Again an *illustration* (with a BDFL example who is not
happy about the Python performance!).
The following summarizes a little bit the situation.

py32:

>>> timeit.timeit("a = 'hundred'; 'x' in a")
0.09113662222722835
>>> timeit.timeit("a = 'hundre EURO'; 'x' in a")
0.1029297261915687

py33:
timeit.timeit("a = 'hundred'; 'x' in a")
0.12081905832395669
timeit.timeit("a = 'hundre EURO'; 'x' in a")
0.2453480765512026

Ditto for py34

Not only py33+ is worth than py33-. The situation
is even "more worse than worth" with non ascii chars.

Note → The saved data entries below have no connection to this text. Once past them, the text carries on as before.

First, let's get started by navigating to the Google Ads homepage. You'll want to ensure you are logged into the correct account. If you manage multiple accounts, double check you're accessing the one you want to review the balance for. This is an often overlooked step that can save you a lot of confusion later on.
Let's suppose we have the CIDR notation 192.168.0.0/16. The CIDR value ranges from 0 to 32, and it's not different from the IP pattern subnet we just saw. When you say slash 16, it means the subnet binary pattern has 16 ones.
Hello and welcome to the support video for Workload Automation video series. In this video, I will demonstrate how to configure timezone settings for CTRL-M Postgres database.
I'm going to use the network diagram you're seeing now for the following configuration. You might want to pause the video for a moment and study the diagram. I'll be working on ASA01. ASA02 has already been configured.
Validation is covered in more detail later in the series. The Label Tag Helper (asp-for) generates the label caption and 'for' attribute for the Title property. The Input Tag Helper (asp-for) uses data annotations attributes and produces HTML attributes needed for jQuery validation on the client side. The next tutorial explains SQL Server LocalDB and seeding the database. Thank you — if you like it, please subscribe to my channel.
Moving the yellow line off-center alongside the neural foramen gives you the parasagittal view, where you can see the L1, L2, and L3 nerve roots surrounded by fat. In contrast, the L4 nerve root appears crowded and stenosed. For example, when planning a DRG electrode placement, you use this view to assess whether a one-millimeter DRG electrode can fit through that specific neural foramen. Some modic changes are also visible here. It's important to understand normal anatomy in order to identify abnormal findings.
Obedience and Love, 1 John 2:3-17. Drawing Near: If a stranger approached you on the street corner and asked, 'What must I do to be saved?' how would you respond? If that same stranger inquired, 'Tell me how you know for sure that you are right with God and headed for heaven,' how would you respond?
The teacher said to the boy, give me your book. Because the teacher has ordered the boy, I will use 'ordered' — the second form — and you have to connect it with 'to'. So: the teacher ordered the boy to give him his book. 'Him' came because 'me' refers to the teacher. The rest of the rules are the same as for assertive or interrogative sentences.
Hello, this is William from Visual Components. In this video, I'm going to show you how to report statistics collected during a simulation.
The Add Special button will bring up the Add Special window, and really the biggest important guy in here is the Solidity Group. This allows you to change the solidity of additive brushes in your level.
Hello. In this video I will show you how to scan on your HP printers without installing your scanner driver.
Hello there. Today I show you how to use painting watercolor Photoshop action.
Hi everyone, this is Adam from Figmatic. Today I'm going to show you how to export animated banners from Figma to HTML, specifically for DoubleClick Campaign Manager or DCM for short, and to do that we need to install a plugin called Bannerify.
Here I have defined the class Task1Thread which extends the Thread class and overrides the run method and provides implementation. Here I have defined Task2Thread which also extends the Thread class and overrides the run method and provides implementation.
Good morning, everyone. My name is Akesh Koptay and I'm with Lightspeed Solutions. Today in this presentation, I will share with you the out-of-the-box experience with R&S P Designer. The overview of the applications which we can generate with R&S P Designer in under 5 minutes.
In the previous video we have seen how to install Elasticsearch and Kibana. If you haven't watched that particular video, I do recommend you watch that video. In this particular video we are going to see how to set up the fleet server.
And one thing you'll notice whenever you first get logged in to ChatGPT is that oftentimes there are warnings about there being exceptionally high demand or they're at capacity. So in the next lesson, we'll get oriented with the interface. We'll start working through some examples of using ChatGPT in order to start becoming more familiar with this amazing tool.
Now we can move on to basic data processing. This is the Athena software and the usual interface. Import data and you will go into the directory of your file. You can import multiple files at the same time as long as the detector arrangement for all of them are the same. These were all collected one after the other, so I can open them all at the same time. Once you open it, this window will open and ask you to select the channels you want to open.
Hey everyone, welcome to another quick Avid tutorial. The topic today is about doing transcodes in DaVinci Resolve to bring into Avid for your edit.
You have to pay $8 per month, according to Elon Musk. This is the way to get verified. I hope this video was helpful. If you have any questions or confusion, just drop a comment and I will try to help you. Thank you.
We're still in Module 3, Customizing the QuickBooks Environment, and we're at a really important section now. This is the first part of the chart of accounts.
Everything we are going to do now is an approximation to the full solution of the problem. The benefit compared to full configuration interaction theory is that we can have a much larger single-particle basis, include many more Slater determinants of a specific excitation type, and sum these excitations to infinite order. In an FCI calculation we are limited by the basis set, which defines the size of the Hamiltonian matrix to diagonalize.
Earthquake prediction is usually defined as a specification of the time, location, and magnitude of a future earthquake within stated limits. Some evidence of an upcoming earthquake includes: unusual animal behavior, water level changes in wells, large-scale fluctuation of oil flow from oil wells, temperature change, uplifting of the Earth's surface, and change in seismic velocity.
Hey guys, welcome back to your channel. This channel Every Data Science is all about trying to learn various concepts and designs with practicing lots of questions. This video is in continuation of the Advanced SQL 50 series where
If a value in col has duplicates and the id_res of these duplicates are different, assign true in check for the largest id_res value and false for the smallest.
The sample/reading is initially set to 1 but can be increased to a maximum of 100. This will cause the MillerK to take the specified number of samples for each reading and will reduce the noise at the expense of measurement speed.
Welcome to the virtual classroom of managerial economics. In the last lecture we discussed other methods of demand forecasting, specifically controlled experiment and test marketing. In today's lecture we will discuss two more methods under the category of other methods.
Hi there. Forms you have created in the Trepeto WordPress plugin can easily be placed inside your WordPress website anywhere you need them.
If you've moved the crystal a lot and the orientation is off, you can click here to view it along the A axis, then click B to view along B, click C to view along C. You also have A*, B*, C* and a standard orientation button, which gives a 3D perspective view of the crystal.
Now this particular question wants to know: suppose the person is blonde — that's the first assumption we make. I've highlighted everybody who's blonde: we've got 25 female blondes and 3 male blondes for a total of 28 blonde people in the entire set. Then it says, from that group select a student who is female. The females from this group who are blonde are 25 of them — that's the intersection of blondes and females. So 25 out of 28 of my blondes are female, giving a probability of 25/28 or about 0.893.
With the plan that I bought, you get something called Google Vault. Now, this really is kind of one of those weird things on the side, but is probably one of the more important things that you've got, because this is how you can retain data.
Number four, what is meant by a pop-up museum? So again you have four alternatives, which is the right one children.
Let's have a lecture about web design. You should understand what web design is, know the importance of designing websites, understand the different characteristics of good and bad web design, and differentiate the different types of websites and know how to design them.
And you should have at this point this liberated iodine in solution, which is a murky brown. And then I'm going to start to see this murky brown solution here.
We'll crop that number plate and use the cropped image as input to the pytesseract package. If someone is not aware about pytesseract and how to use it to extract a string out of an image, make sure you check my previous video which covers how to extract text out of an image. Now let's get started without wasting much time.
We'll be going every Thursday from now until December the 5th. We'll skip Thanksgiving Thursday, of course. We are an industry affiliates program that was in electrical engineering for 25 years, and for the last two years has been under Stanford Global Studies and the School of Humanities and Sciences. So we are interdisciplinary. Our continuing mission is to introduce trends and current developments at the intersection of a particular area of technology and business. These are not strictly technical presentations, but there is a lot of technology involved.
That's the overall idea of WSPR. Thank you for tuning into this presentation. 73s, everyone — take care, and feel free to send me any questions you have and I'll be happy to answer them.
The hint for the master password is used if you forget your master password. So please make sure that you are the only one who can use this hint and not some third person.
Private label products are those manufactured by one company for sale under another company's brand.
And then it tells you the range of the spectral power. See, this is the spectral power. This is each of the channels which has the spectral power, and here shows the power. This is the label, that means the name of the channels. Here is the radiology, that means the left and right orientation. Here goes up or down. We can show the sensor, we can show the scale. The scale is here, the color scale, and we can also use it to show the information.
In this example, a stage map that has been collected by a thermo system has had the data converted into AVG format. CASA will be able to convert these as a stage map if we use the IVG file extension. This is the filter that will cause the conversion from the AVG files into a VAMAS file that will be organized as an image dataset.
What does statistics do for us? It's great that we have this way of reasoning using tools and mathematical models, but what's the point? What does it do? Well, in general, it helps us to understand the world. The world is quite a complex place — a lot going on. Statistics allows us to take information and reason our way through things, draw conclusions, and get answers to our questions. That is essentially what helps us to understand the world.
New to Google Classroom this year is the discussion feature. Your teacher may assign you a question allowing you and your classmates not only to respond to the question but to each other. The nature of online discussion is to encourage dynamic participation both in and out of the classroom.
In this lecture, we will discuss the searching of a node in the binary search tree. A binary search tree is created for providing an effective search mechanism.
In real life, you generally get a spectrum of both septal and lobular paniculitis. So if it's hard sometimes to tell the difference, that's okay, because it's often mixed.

The memory situation is not better.

py33
>>> sys.getsizeof('a')
26
>>> sys.getsizeof('EURO')
40
>>> sys.getsizeof('\U00010000')
44

This is very easy to explain with a sheet of paper
and a pencil (should I write a blackboard and
a piece of chalk?).

----

I'm still using Python, it just becomes the best tool
to illustrate unicode! (when it is not failing or
crashing).

Do not blame me, if I do not recommend Python and
if I'm using Python a demonstration tool, it is
impossible to find something worse when it comes
to unicode handling.

There are plenty of other very bad side effects
(prerequisite stuff: a good undestanding of the
coding of characters and unicode).

When I see all these links pointing to wikipedia
or other sites, and practically never on the
unicode.org ...

I'm optimistic, py devs will never put their
fingers in a TeX unicode engine, how could
it be? ;-)

I'm observing all this stuff from a unicode perspective.
Nothing wrong. Hobbyist tools will always stay hobbyist
tools.

jmf